▶ Task requirements:
Copy exactly, and only, the lines between the start of the entries below and the line containing "Periquito Ringneck Indio", both inclusive. Omit pictures.

▶ Task material:
------------------------------------

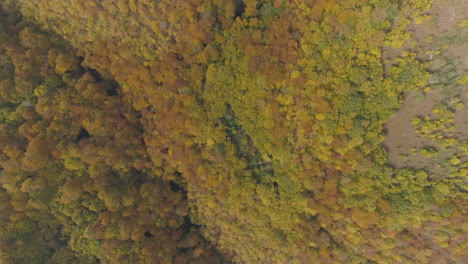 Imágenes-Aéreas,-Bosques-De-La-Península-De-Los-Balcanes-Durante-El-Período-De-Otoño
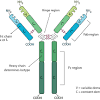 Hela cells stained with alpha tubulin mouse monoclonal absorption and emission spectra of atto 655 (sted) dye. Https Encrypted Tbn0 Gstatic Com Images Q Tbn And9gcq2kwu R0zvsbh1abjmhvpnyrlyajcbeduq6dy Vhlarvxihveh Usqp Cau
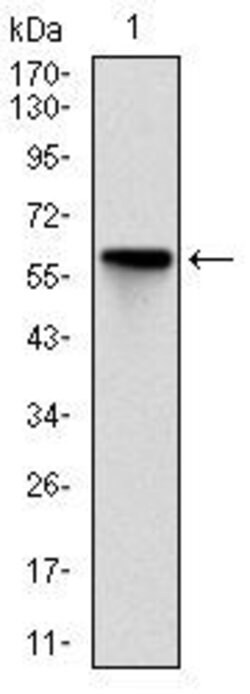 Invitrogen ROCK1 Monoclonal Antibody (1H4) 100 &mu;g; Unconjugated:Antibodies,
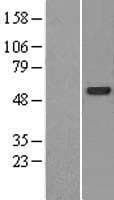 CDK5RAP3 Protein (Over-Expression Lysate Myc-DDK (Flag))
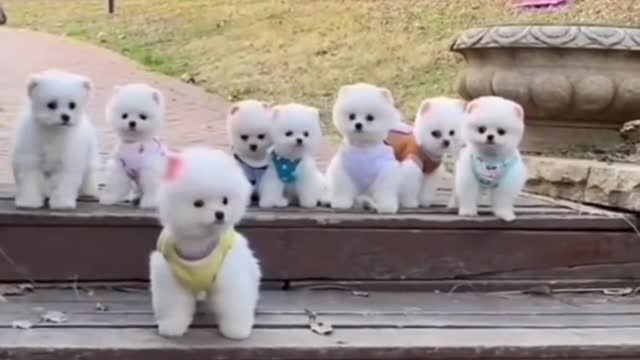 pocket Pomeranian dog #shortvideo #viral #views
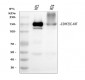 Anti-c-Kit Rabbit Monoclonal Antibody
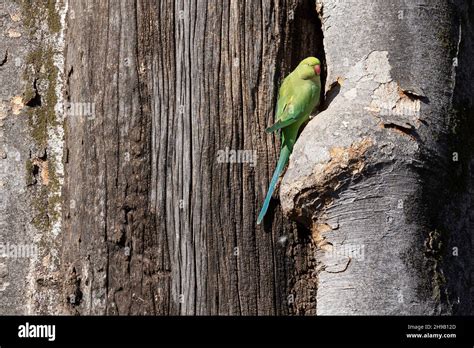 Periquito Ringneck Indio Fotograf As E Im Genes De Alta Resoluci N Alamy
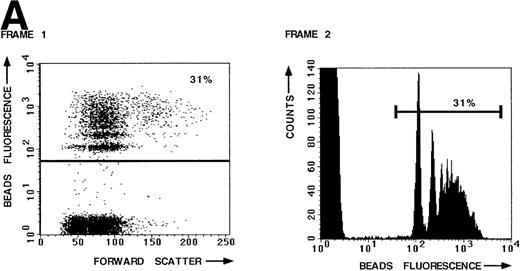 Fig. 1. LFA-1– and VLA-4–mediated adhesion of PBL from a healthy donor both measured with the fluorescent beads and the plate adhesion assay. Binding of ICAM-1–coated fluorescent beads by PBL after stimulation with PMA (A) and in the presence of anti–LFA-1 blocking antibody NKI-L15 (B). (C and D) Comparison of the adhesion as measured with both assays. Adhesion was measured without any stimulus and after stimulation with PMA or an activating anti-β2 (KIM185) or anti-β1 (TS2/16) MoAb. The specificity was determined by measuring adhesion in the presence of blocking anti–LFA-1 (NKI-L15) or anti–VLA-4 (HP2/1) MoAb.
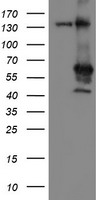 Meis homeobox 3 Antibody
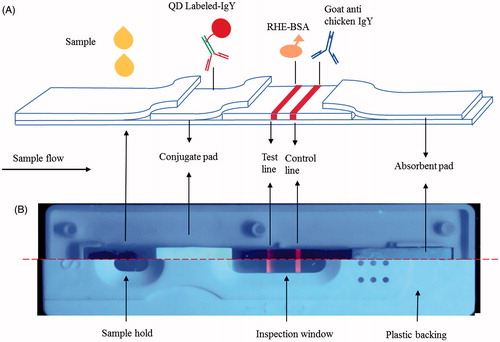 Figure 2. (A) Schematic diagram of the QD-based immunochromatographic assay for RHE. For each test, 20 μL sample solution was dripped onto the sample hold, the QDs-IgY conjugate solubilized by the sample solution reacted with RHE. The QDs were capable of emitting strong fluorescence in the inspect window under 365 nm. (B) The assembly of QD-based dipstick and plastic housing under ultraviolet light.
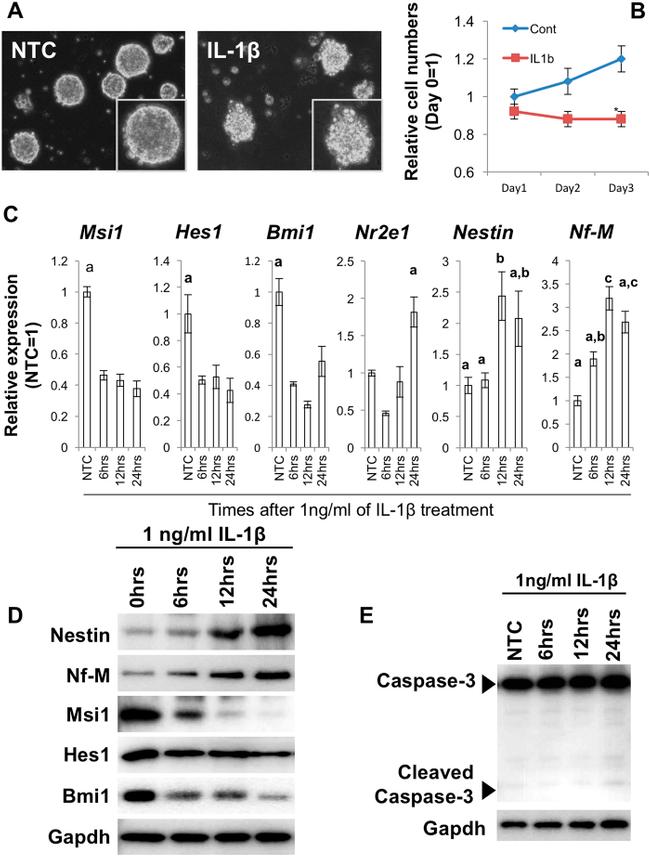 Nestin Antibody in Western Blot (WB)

------------------------------------

▶ Response to the task:
 Imágenes-Aéreas,-Bosques-De-La-Península-De-Los-Balcanes-Durante-El-Período-De-Otoño
 Hela cells stained with alpha tubulin mouse monoclonal absorption and emission spectra of atto 655 (sted) dye. Https Encrypted Tbn0 Gstatic Com Images Q Tbn And9gcq2kwu R0zvsbh1abjmhvpnyrlyajcbeduq6dy Vhlarvxihveh Usqp Cau
 Invitrogen ROCK1 Monoclonal Antibody (1H4) 100 &mu;g; Unconjugated:Antibodies,
 CDK5RAP3 Protein (Over-Expression Lysate Myc-DDK (Flag))
 pocket Pomeranian dog #shortvideo #viral #views
 Anti-c-Kit Rabbit Monoclonal Antibody
 Periquito Ringneck Indio Fotograf As E Im Genes De Alta Resoluci N Alamy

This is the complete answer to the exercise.